Effect of arsenic doping on structural and electronic properties of MoSe$_2$ monolayer: an ab initio study

TL;DR

This study uses ab initio DFT calculations to analyze how arsenic doping affects the structural and electronic properties of MoSe₂ monolayers, revealing potential applications in electronics and optoelectronics.

Contribution

It provides a detailed computational analysis of arsenic doping effects on MoSe₂ monolayers, identifying stable configurations and electronic behavior changes.

Findings

As(Mo) doping is energetically favorable and acts as a p-type semiconductor.

All defect structures increase the energy gap between 1.5 and 1.73 eV.

Different defects induce midgap states affecting electronic properties.

Abstract

In this paper, we studied the structural and electronic properties of MoSe$_2$ monolayer in its pure and doped forms, using the density functional theory (DFT), and the calculations were performed using Quantum Espresso (QE) software package. The doped systems are a MoSe$_2$ monolayer with a vacancy in Mo site (Mo vacancy system), the MoSe$_2$ monolayer with an As atom as substitutional for Mo atom (As(Mo) doped system) and an MoSe$_2$ monolayer with As atom in an interstitial site in the hollow location of the center of one ring of the structure between the plane Mo atoms and the plane containing Se atoms (As interstitial system). We calculated the formation energy of various structures studied in Se-rich condition. We found that the As(Mo) doped system is a favorable configuration, whereas the As interstitial system is metastable.
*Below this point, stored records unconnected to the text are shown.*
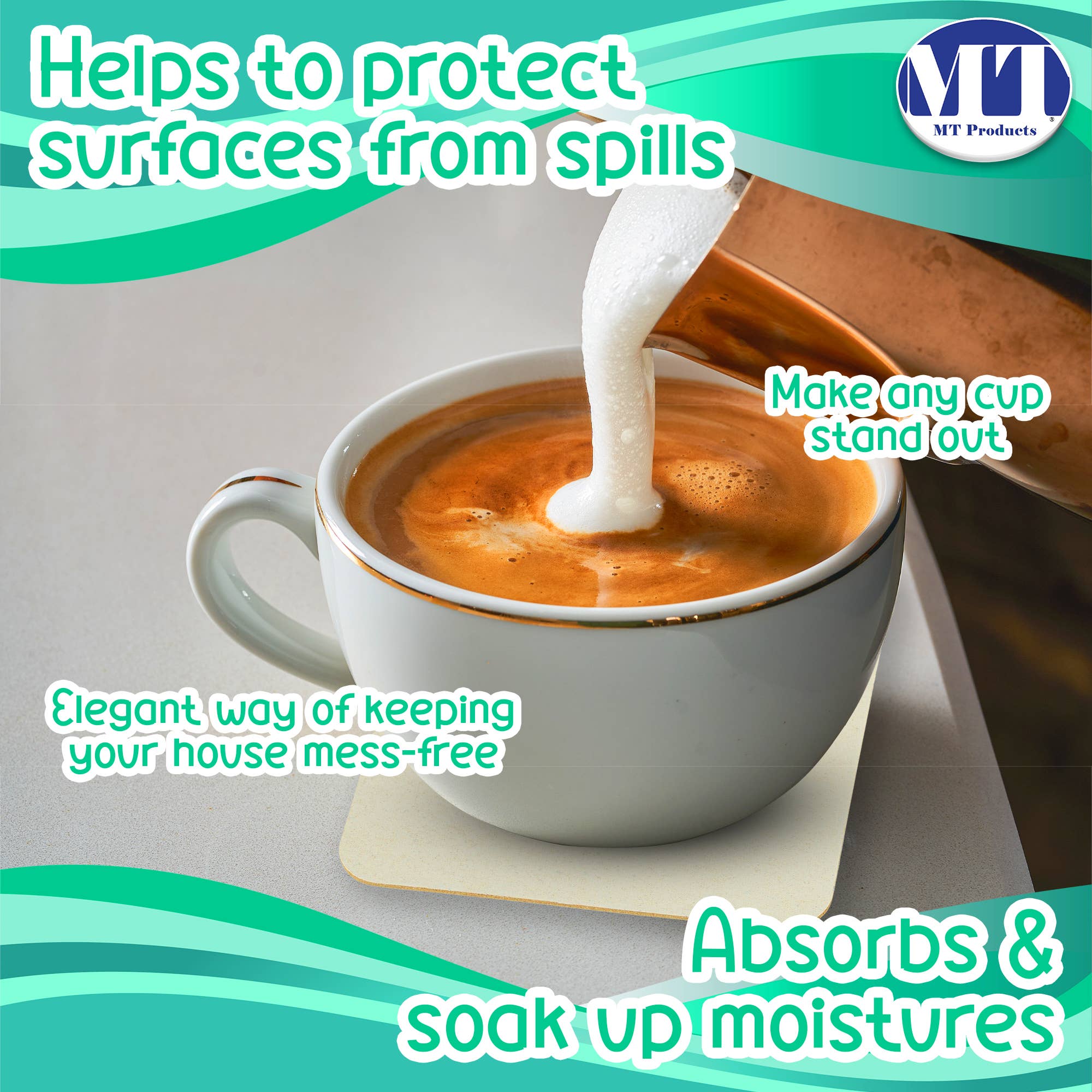 MT Products - Wholesale Disposable Coasters - MT Products White Blank Paper Coasters 4" - Cup Coaster6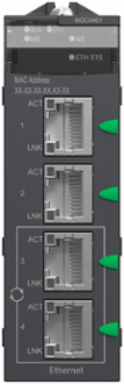 Modicon M340 Ethernet TCP/IP Network Module, 4 x RJ45, IP20, 555mA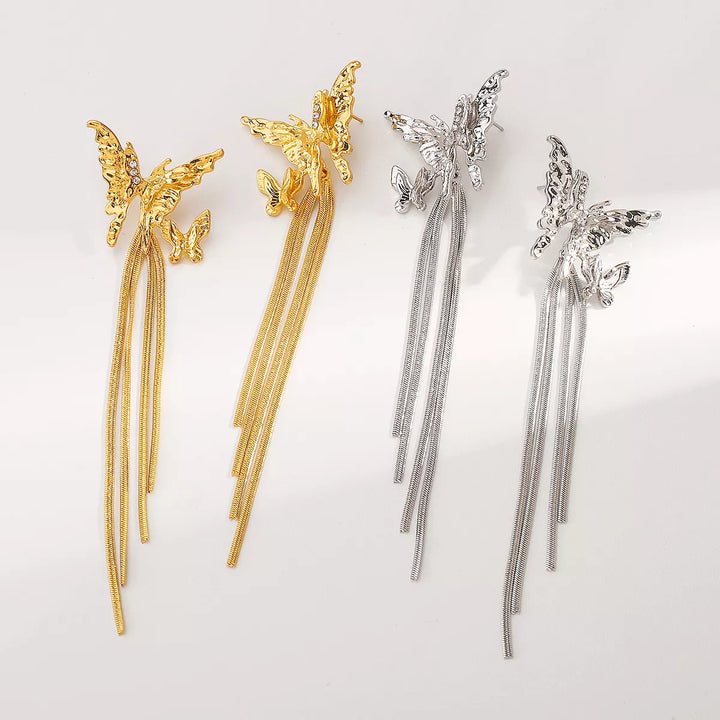 Butterfly Fringe Dangle Earrings - cas7m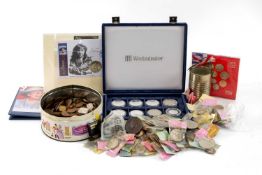 ASSORTED SILVER & OTHER COMMEMORATIVE COINS, including 1993 unc. Gibraltar crown, 2002 unc. USA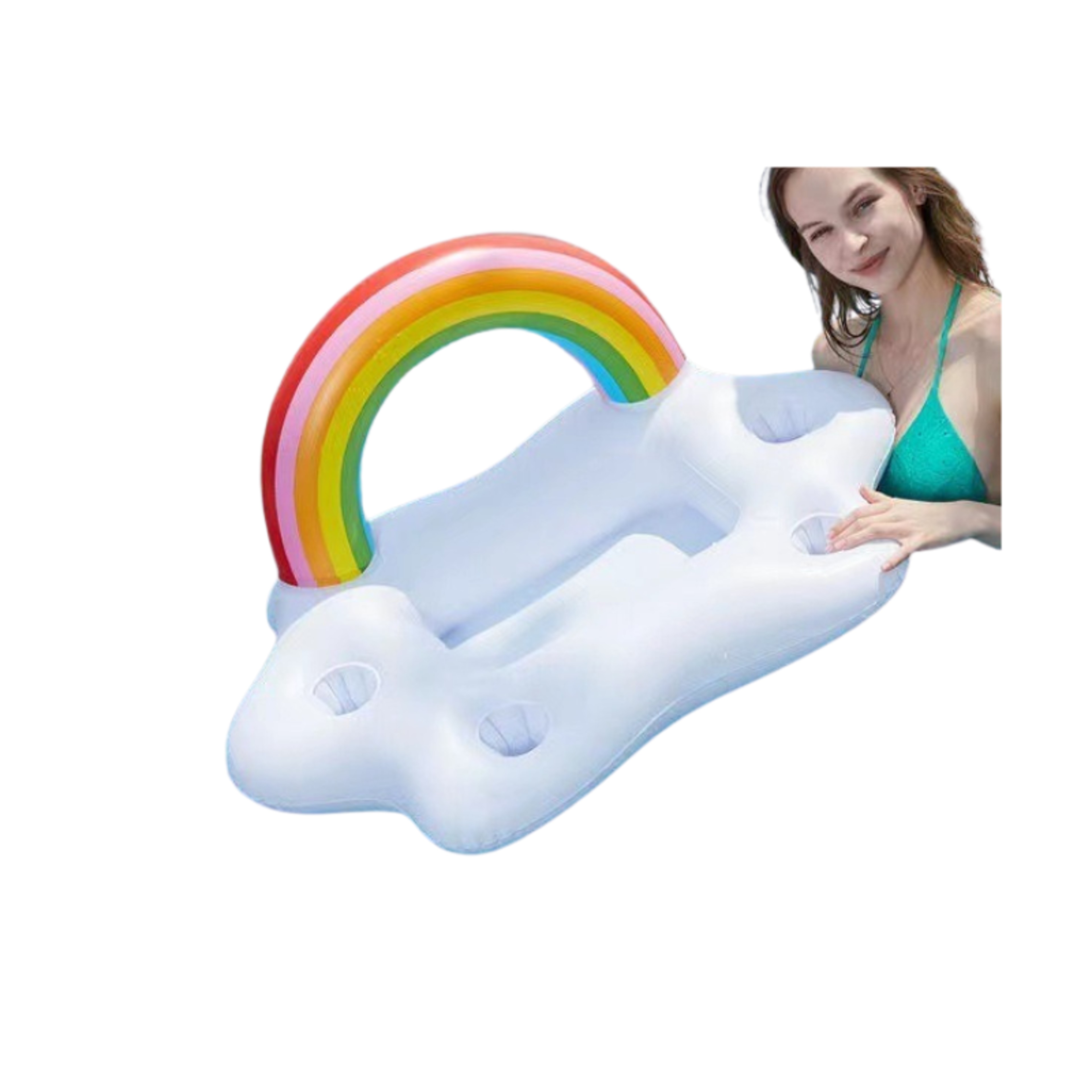 Inflatable Drink Holder Pool Float Cooler With Rainbow Cloud Palm Tree  Umbrella 8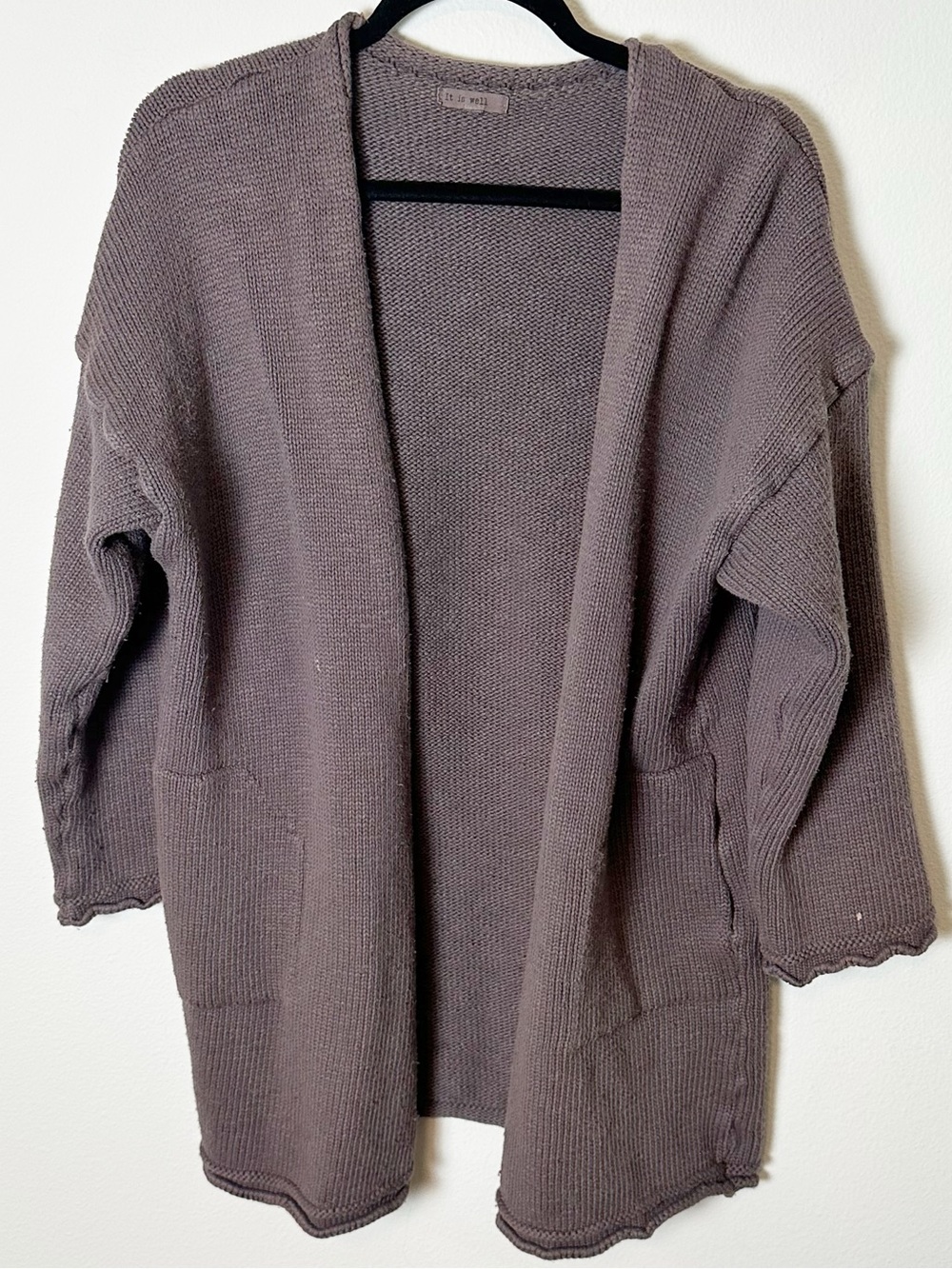It Is Well LA Chunky Cardigan Sweater Cotton Taupe Pockets Large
Different defects introduce midgap levels, which were interpreted according to the orbitals involved in their formation using the analysis of the band structure and DOS and PDOS of each system. The energy gap increases in all system structures and its value ranged between 1.5 eV and 1.73 eV, the Fermi level shifts toward the valence band for the Mo vacancy system, and As(Mo) doped system which suggests that it can be a $p$-type semiconductor, whereas Fermi level shifts to the conduction band for As interstitial system and suggests a $n$-type semiconductor behavior. The obtained results enable us to predict the possibility of using these systems in many applications, since it can be used in the As(Mo) doped system in photocatalysis or in photovoltaic applications in the visible light, and As interstitial system can be used in electronics applications in the infrared field.